» Exercise objective
From the material below, reproduce exactly the stretch of lines that begins with the line holding "lucky penny tattoo design idea" and ends with the line holding "LCN Design Studio - Clip - Journal Clip", skipping the pictures.

» Records supplied
BEGIN
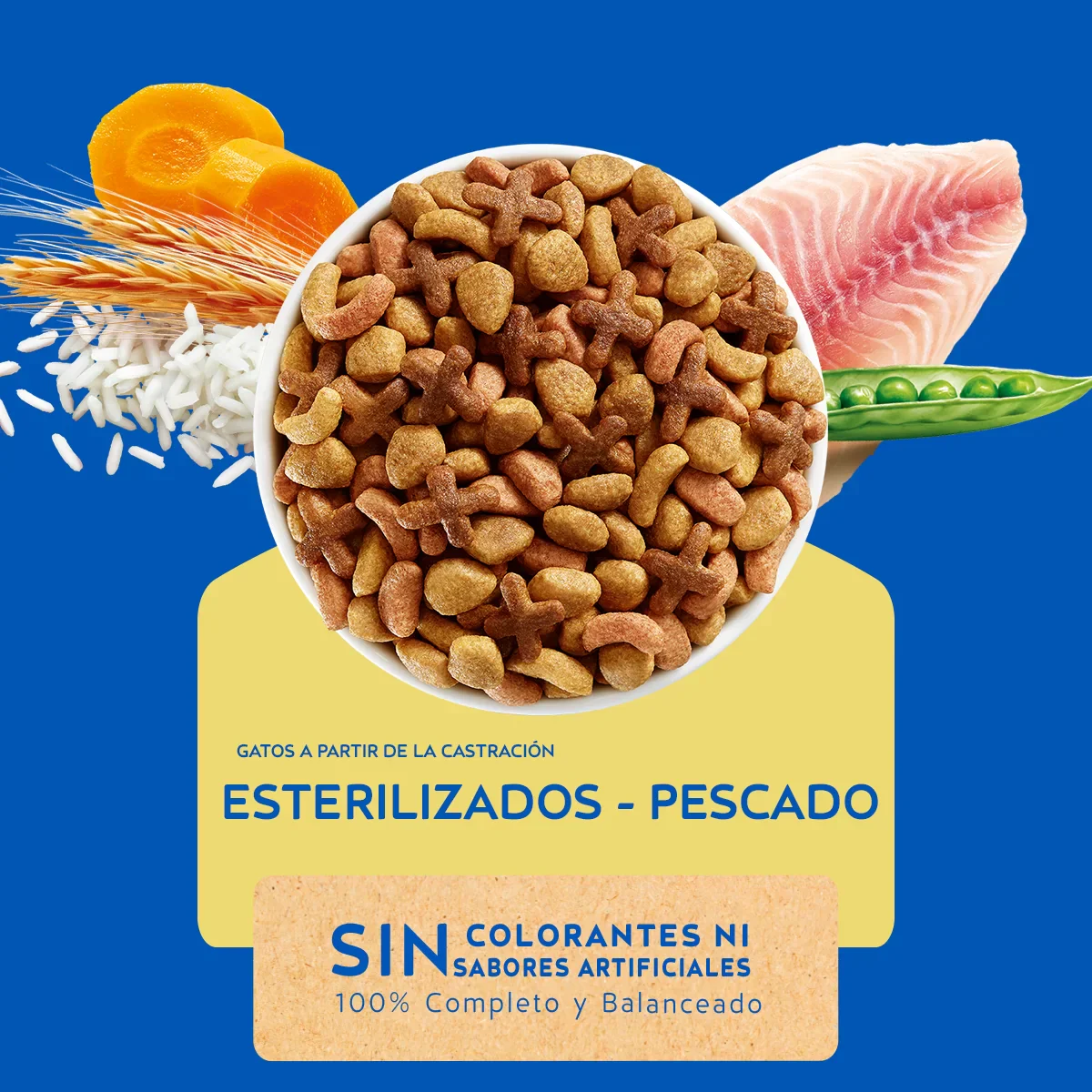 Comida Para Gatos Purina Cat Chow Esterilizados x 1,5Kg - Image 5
END
BEGIN
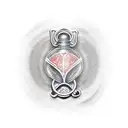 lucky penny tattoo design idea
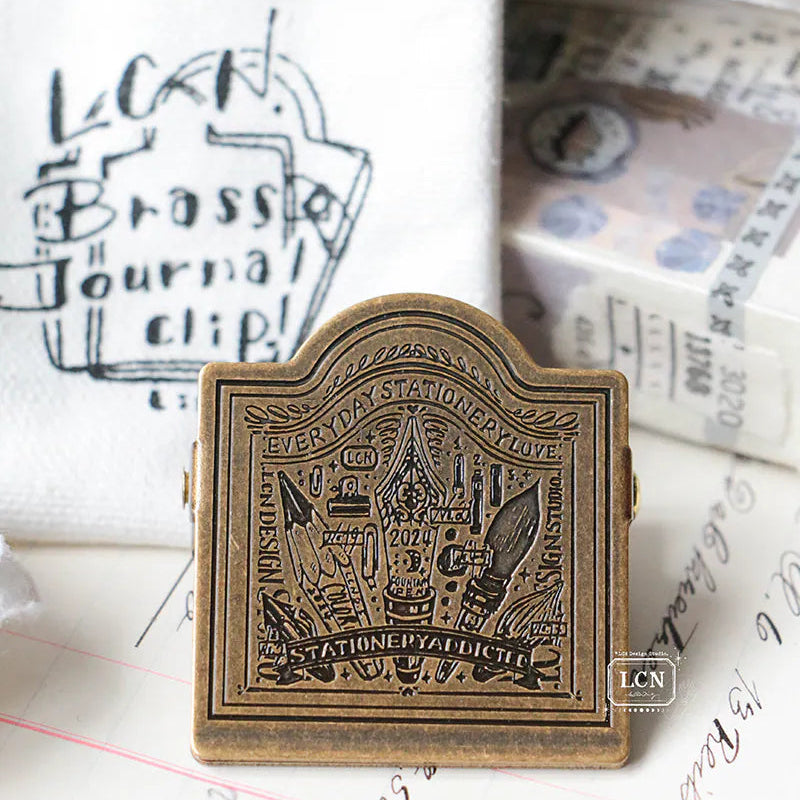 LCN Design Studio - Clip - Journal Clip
END
» Reply
 lucky penny tattoo design idea
 LCN Design Studio - Clip - Journal Clip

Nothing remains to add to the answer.